In a world increasingly indifferent to Christian truth, followers of Christ need to be equipped to communicate with those who do not speak their language or accept their source of authority. Gregory Koukl demonstrates how to get in the driver’s seat, keeping any conversation moving with thoughtful, artful diplomacy. You’ll learn how to maneuver comfortably and graciously through the minefields, stop challengers in their tracks, turn the tables and—most importantly—get people thinking about Jesus. Soon, your conversations will look more like diplomacy than D-Day.

I knew that I was in need of a book like this, and the reviews were solid as well, so I took the chance, and hey, I got my free shipping out of it at least! What I didn’t know was that this book, together with Mere Christianity, would shape my views more than any other work has done before. Well, save for the Bible, which is what the two previous books deal with, of course! Never before had an impulse buy worked so many wonders.

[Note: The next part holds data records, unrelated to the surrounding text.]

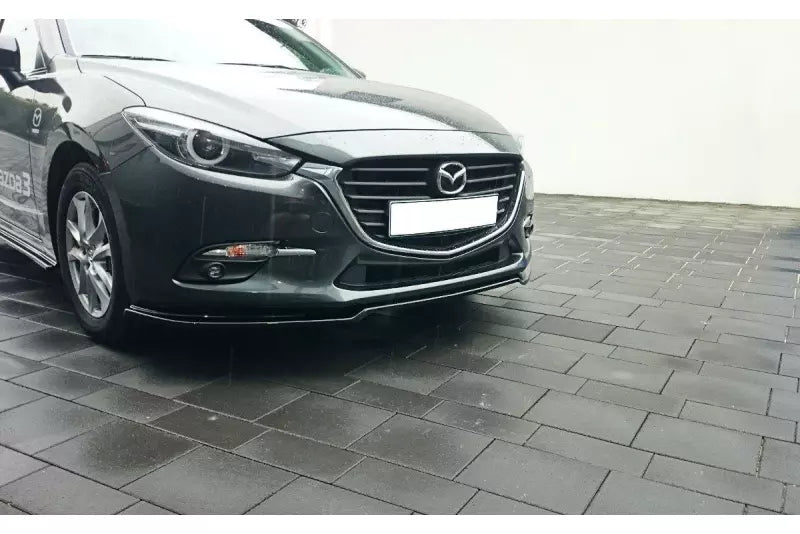 Maxton Design Frontlippe V.1 für Mazda 3 BM (Mk3) Facelift Hochglanz schwarz – Ansicht 3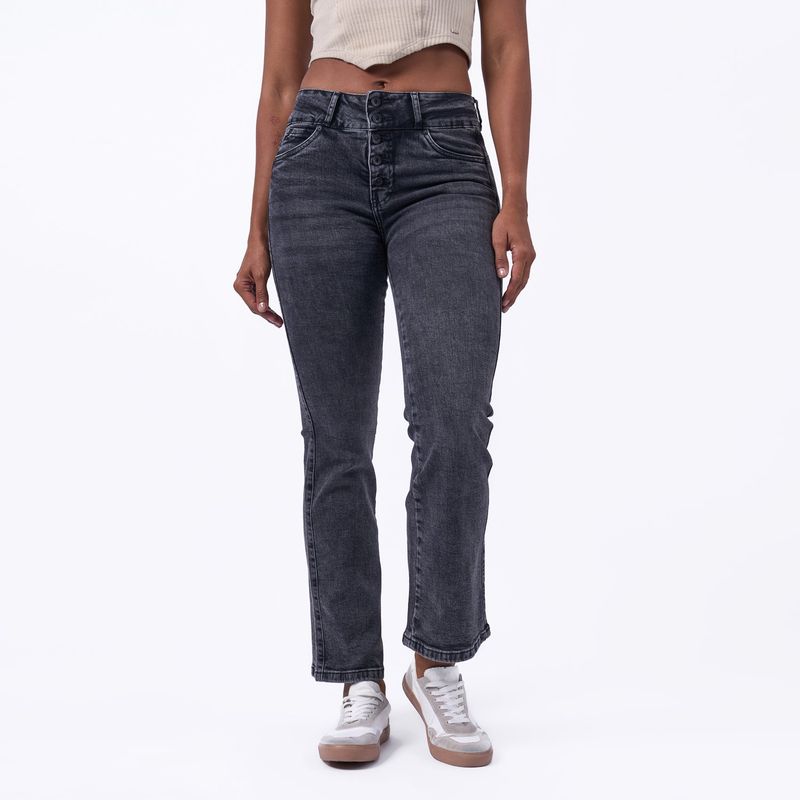 TAYSSIR - Jean Boot Cut Tiro Alto Mujer Tayssir
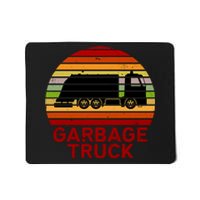 Garbage Truck Retro Mousepad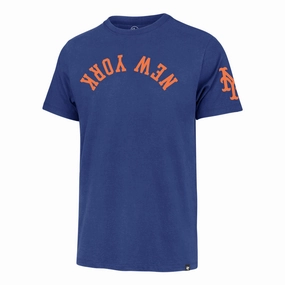 NEW YORK METS UPSIDE DOWN TWO PEAT '47 FRANKLIN TEE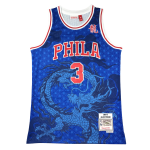 Баскетбольная джерси Allen Iverson Philadelphia 76ers Mitchell & Ness Hardwood Classics Asian Blue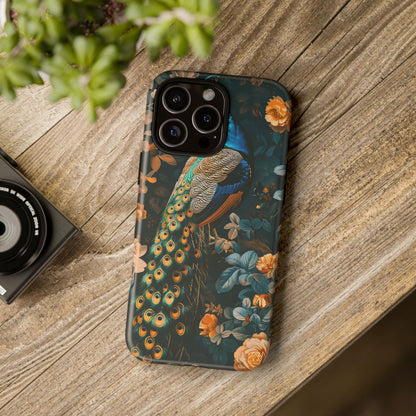 Peacock Phone Case - Elegant Floral Design, Tough Case for Protection, Unique Gift for Nature Lovers, Stylish Accessory, Eco-Friendly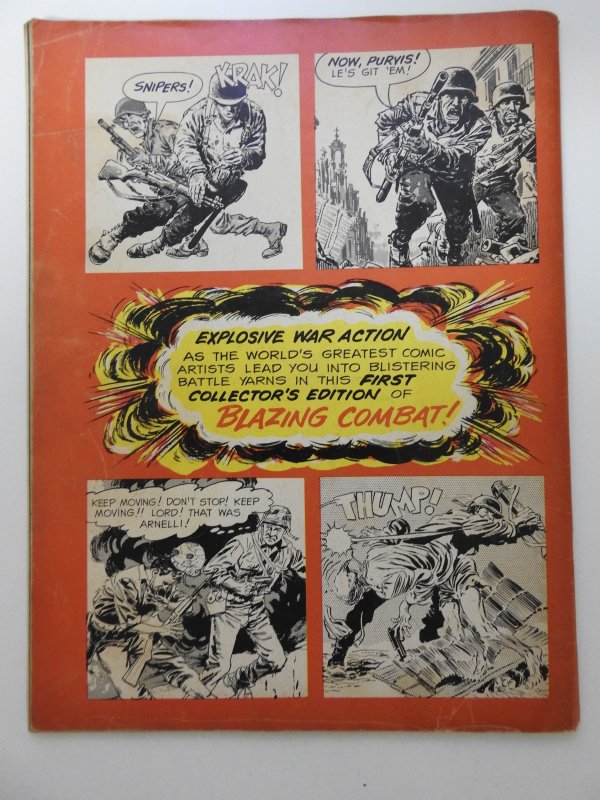 Blazing Combat #1 (1965) Solid VG- Condition!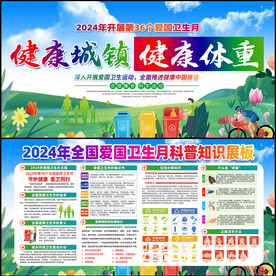 2024年爱国卫生月展板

To give some background, for a long while I had the knowledge that a Christian should have, but I didn’t have the necessary wisdom nor the appropriate character to discuss the truth about the Gospel and what the Bible actually teaches with deniers, skeptics, and unbelievers alike. I had a few friends that were either professed agnostics or atheists, and even some who had become what I call a “denier” – that is, someone who grew up with select Biblical knowledge forced upon them by either family members or private religious schools, and who are currently rebelling against their previous tutelage, yet still holding on to select Christian beliefs that they can fit into their secular lifestyle. I have had quite a few conversations with these friends in the past – some fruitful, some barren – but there was one constant throughout all of them: I never felt 100% comfortable with sharing my faith, nor did I feel like I had the necessary answers that were needed. It wasn’t that I believed the answers never existed – quite the opposite – it was just that I lacked the reasoning to get to that point, and I hardly felt like I connected with the acquaintances that I spoke with. I feel I can share a whole separate post on how I got to the point where I’m at right now with this, which is a complete 180 spin from where I was just a year ago, but that’s not what this post is about.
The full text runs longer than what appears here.